**Material for the task**
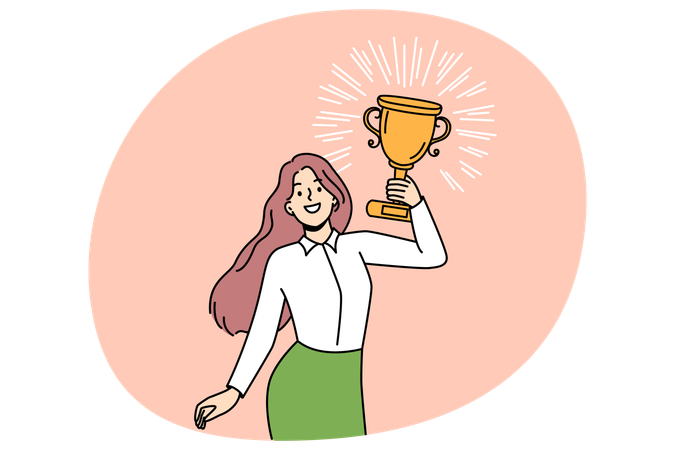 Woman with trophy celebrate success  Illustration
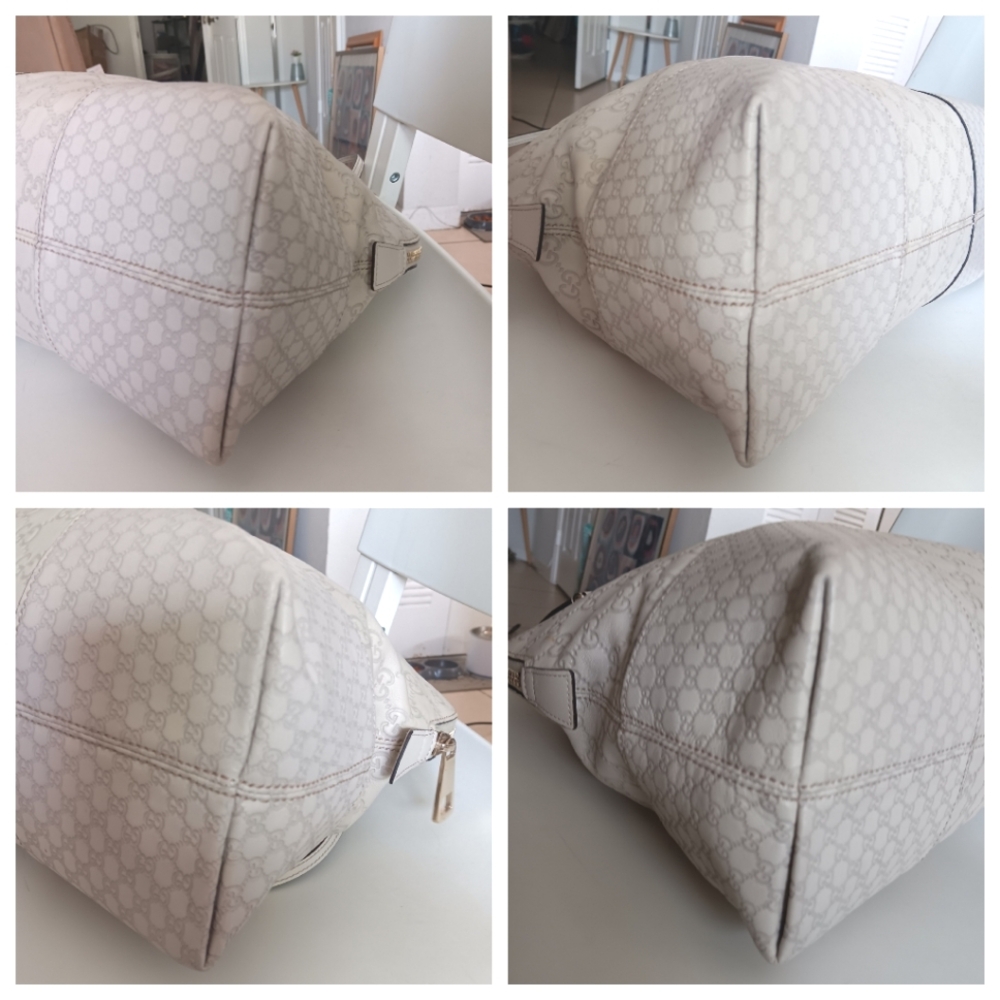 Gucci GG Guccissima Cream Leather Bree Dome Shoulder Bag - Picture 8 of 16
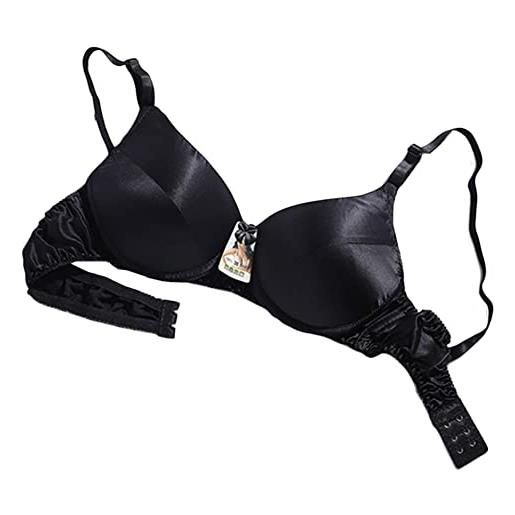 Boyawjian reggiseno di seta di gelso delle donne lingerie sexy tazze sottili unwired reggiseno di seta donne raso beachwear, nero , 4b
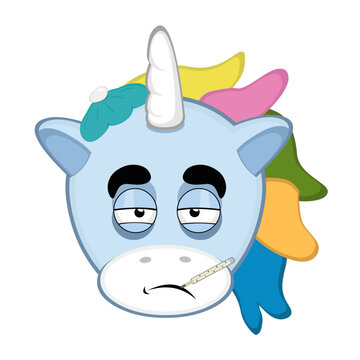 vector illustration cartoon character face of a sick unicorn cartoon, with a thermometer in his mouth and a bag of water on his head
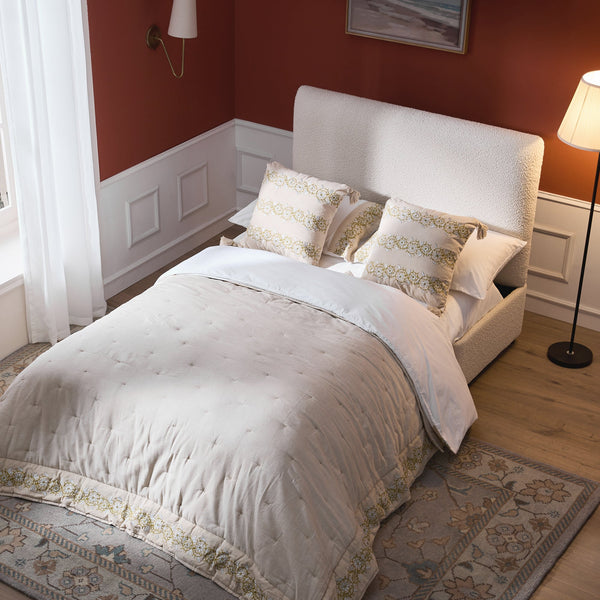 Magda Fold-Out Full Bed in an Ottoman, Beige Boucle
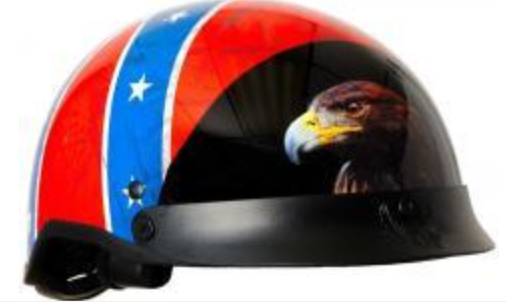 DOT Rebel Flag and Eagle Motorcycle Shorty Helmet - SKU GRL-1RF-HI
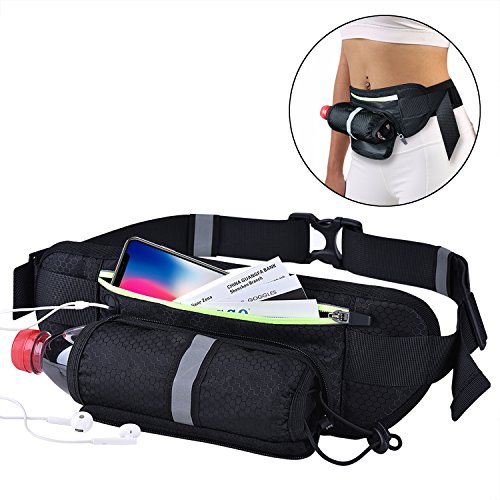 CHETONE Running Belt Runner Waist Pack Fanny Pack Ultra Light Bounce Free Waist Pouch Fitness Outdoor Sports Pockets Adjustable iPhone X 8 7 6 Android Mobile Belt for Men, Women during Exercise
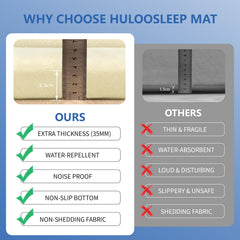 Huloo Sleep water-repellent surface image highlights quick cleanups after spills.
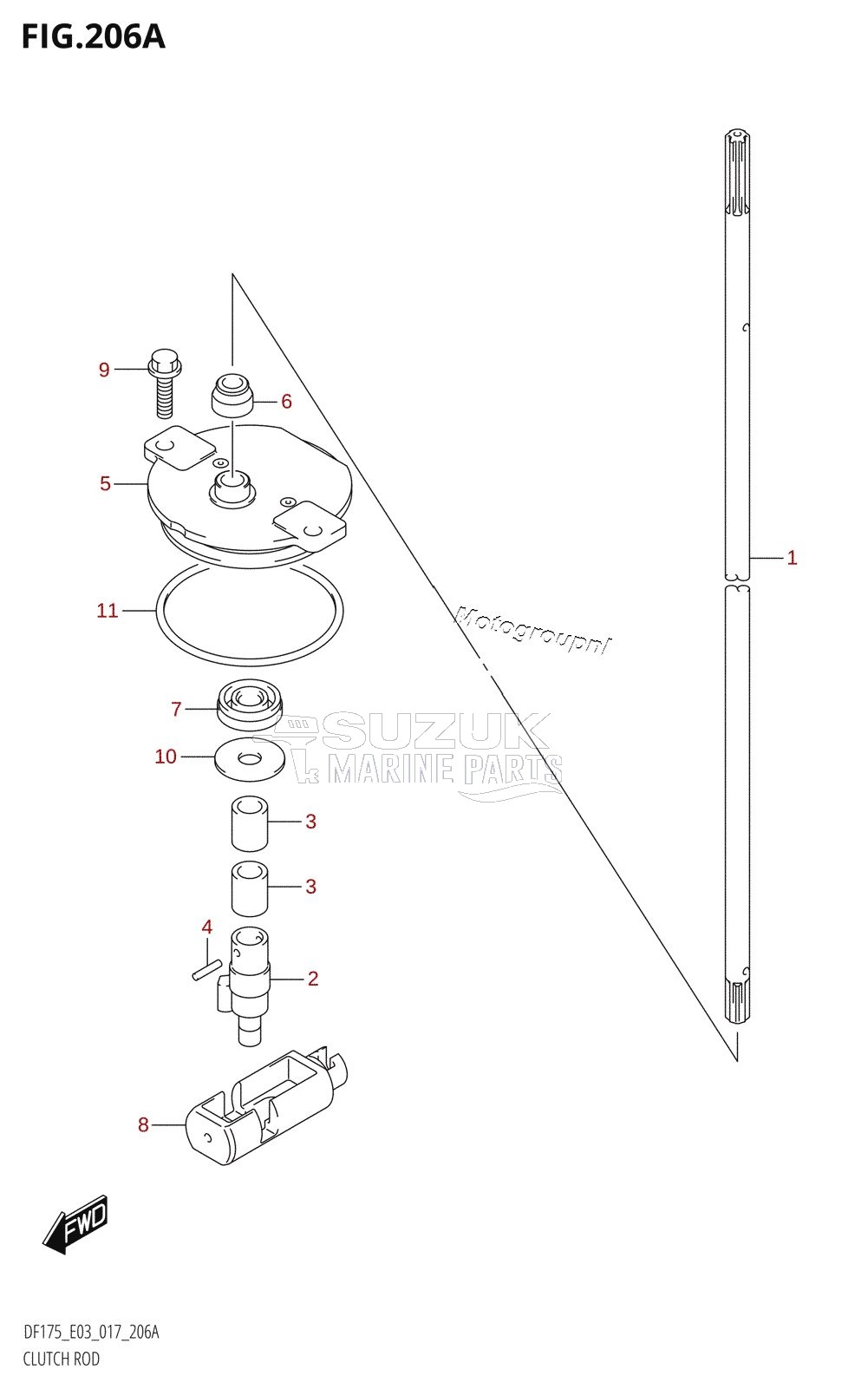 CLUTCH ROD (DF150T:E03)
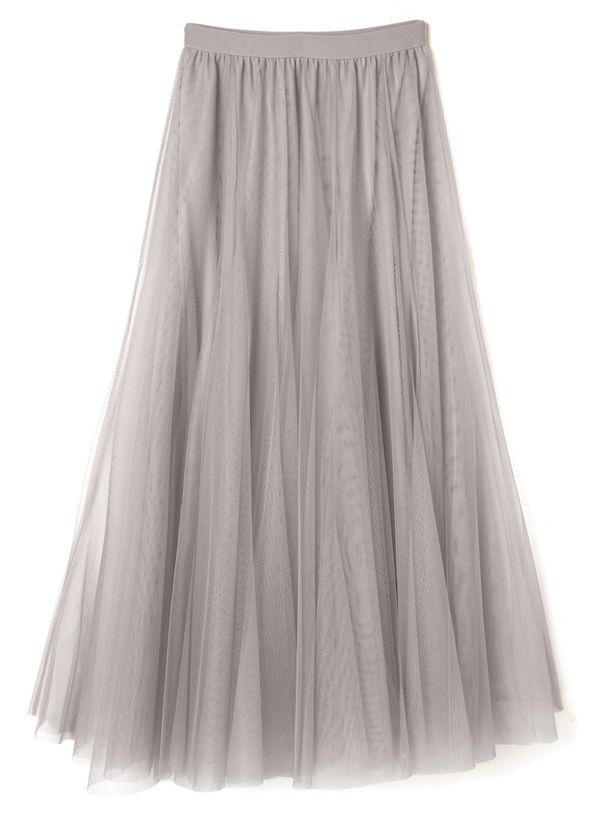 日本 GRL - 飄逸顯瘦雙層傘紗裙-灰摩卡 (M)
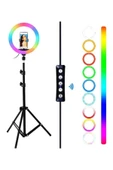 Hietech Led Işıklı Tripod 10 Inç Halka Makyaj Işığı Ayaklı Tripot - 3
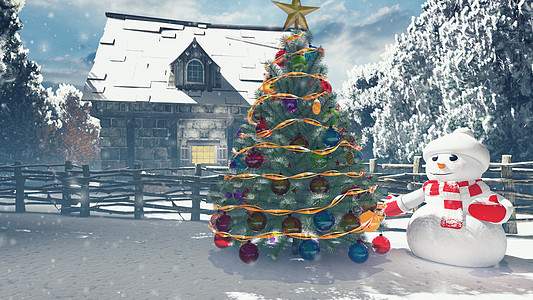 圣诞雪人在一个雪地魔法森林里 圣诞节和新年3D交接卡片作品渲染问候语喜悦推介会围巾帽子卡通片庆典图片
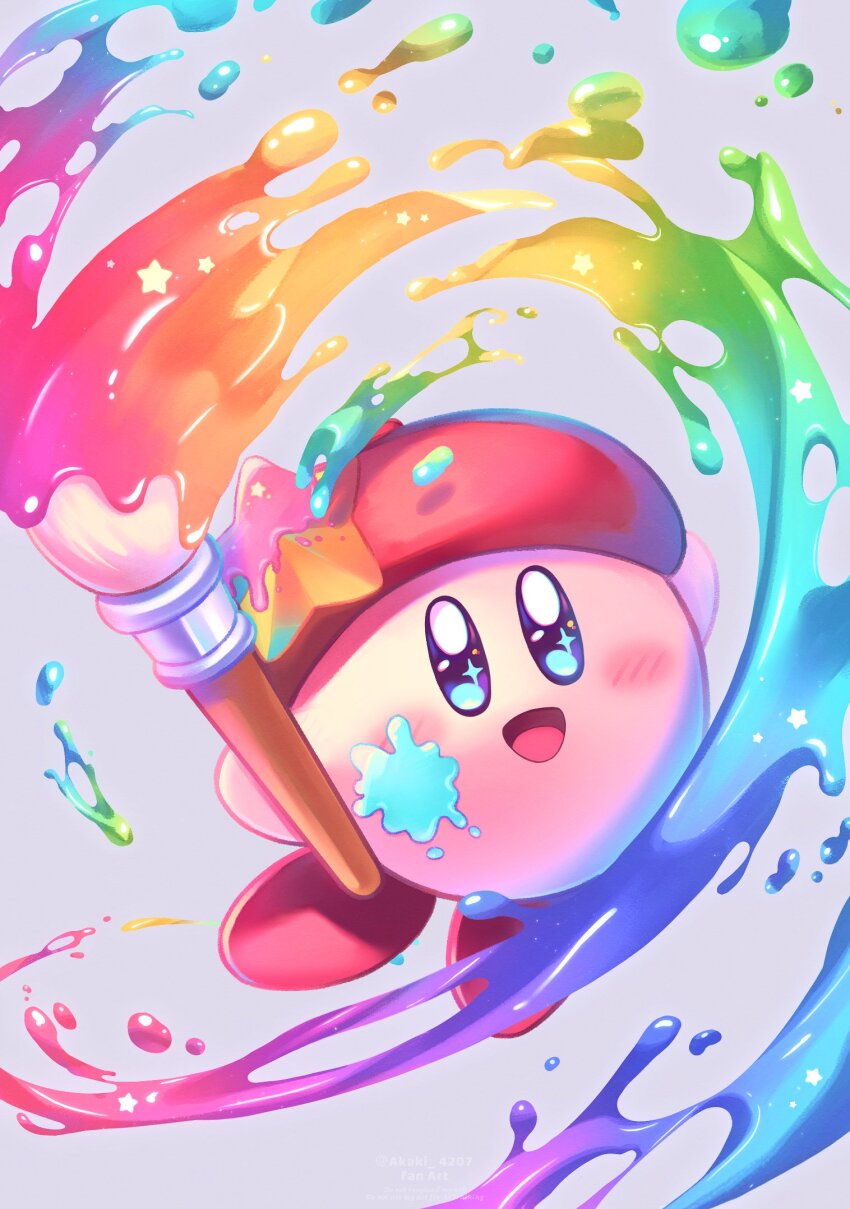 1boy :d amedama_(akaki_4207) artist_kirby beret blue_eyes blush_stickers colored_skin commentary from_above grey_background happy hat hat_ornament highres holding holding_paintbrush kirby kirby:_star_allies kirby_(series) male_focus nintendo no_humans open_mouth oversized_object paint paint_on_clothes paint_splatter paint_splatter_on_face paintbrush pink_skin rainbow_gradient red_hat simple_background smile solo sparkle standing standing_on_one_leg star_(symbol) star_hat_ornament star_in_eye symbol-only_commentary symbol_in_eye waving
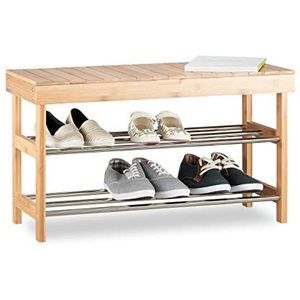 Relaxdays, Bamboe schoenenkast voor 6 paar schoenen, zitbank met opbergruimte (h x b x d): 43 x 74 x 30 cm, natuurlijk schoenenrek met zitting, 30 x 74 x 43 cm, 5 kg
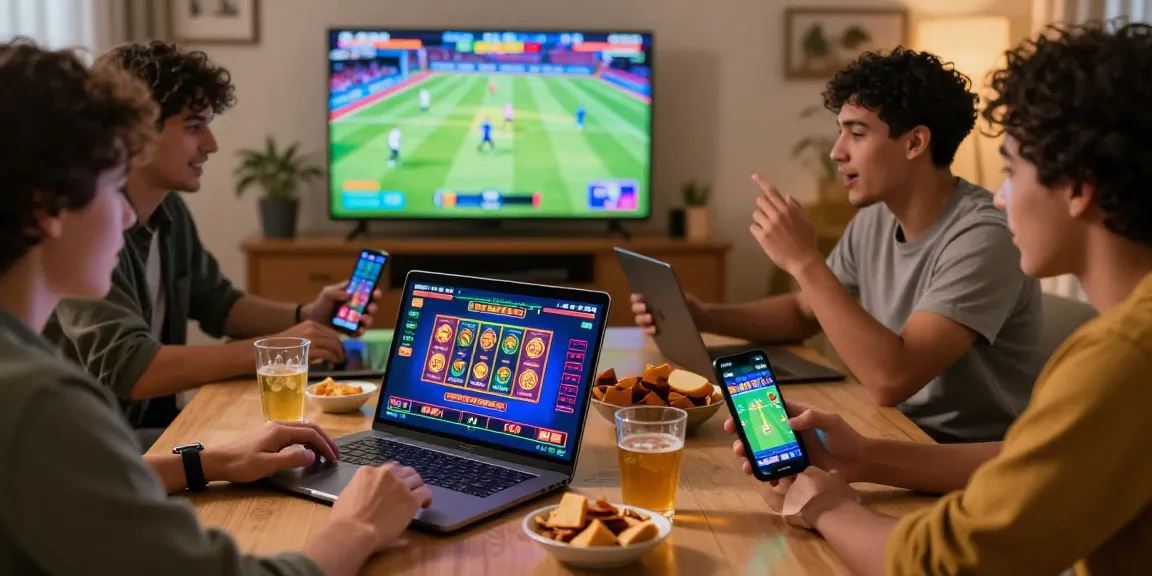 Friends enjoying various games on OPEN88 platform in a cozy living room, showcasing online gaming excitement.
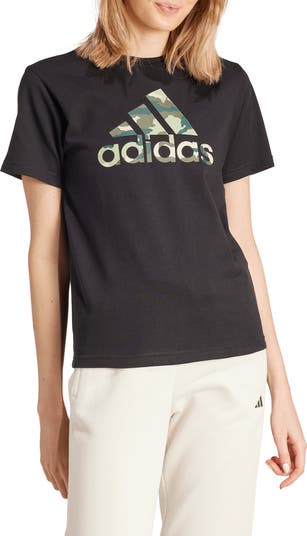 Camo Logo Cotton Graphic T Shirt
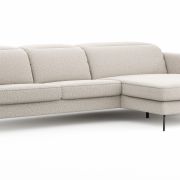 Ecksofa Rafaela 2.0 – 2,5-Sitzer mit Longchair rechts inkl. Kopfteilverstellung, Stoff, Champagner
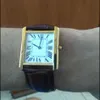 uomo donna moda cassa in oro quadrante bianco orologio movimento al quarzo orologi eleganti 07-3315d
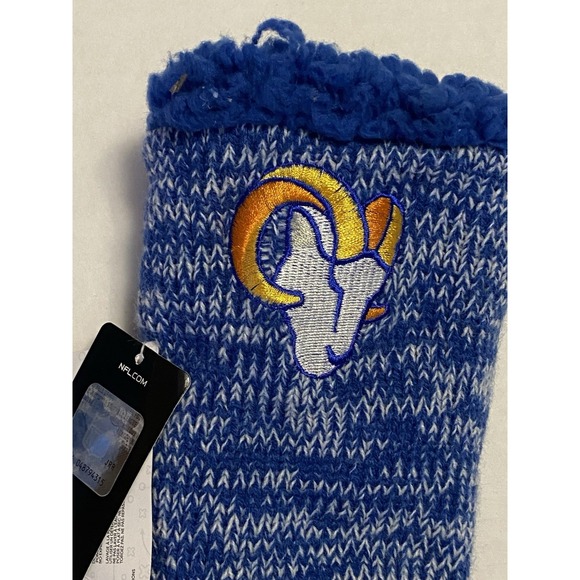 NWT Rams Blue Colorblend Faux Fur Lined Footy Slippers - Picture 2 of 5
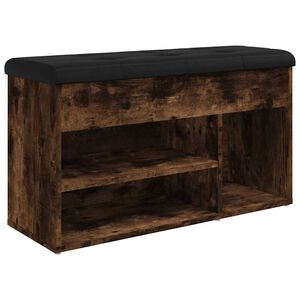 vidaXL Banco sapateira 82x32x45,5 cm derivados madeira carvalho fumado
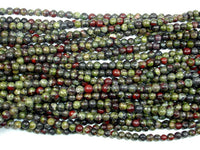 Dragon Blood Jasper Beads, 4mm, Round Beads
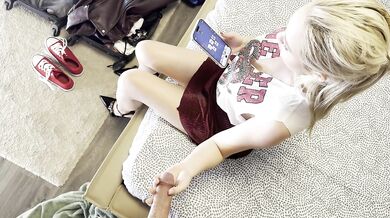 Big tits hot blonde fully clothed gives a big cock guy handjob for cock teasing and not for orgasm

**Exercise objective**
In the listing above, find the line with "Boyawjian reggiseno di" and the line with "Magda Fold-Out Full". Transcribe those two and everything between, exactly, leaving out pictures.

**Result for this task**
 Boyawjian reggiseno di seta di gelso delle donne lingerie sexy tazze sottili unwired reggiseno di seta donne raso beachwear, nero , 4b
 vector illustration cartoon character face of a sick unicorn cartoon, with a thermometer in his mouth and a bag of water on his head
 Magda Fold-Out Full Bed in an Ottoman, Beige Boucle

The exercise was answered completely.